■ Action item
Using the data below, transcribe exactly everything from the line that contains "Furinno PASIR Book" down to the line that contains "Sachets - Transparent - Lot de 25". Include both of those lines and none of the pictures.

■ Material shown

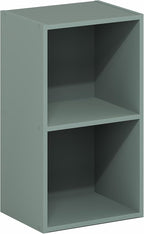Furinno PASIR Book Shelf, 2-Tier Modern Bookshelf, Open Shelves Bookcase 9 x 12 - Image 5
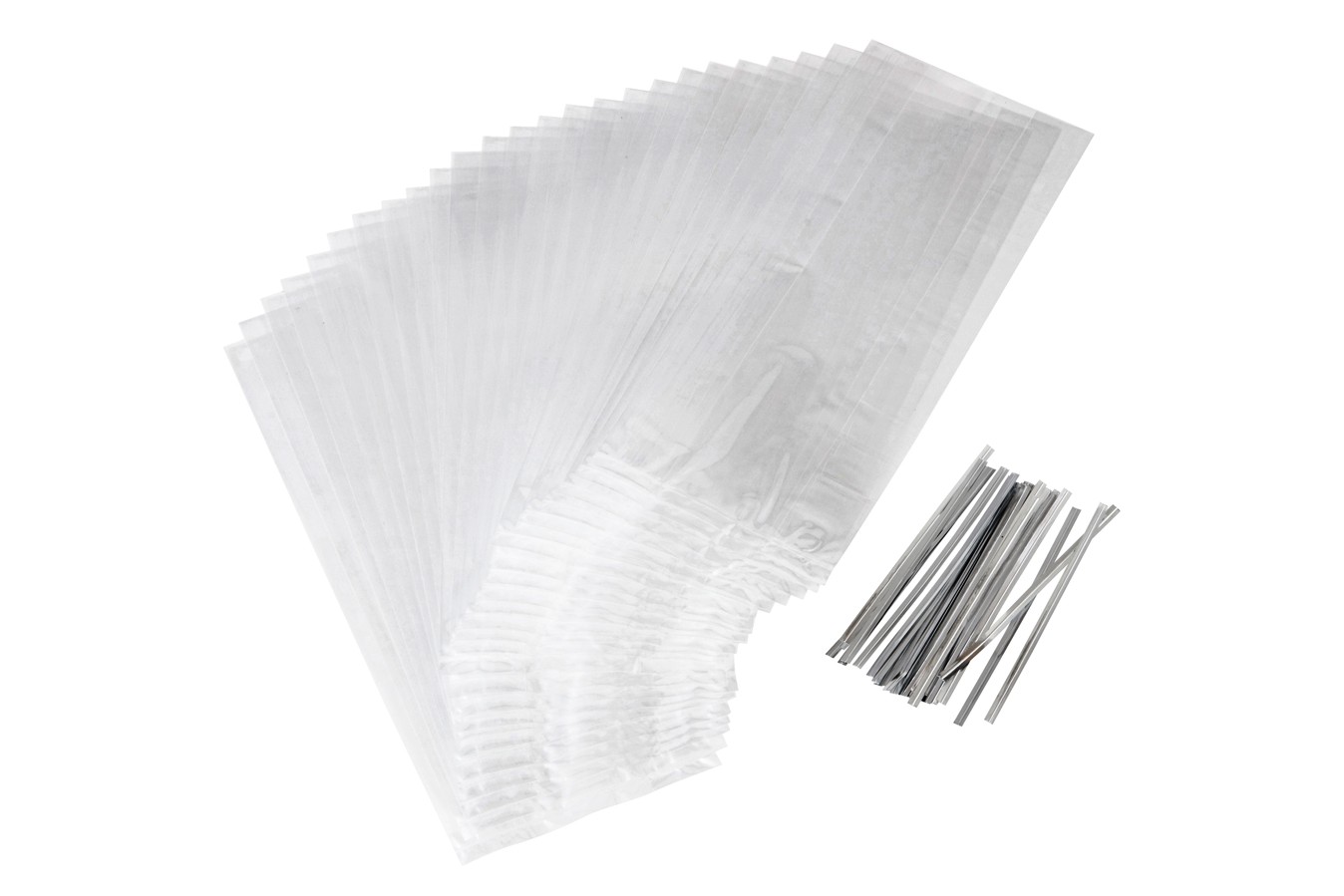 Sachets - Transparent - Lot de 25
* * *
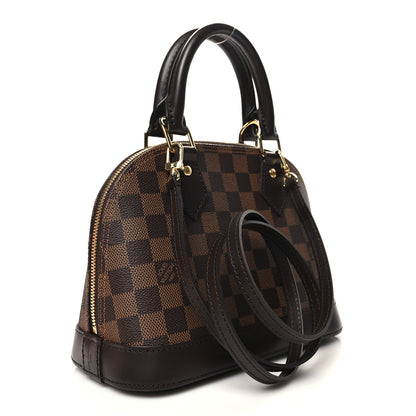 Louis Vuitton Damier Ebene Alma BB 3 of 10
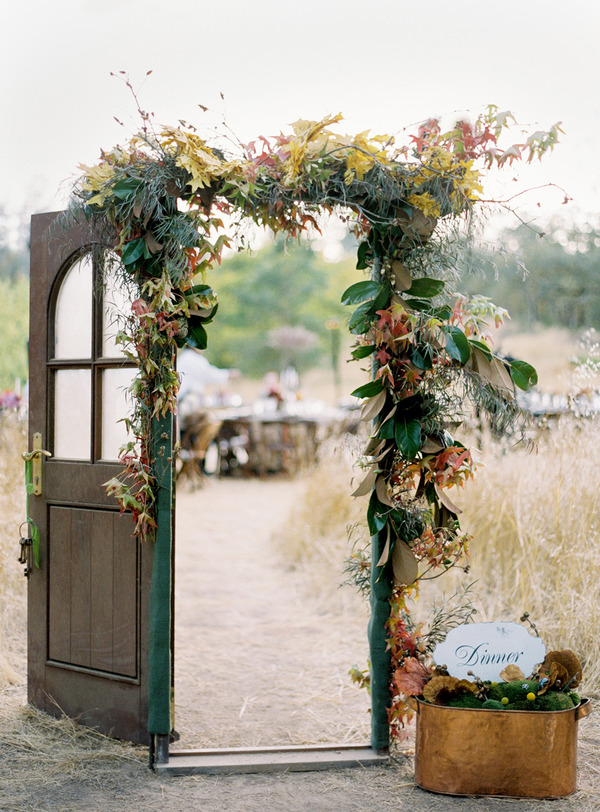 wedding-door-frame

■ Exercise answer
Furinno PASIR Book Shelf, 2-Tier Modern Bookshelf, Open Shelves Bookcase 9 x 12 - Image 5
 Sachets - Transparent - Lot de 25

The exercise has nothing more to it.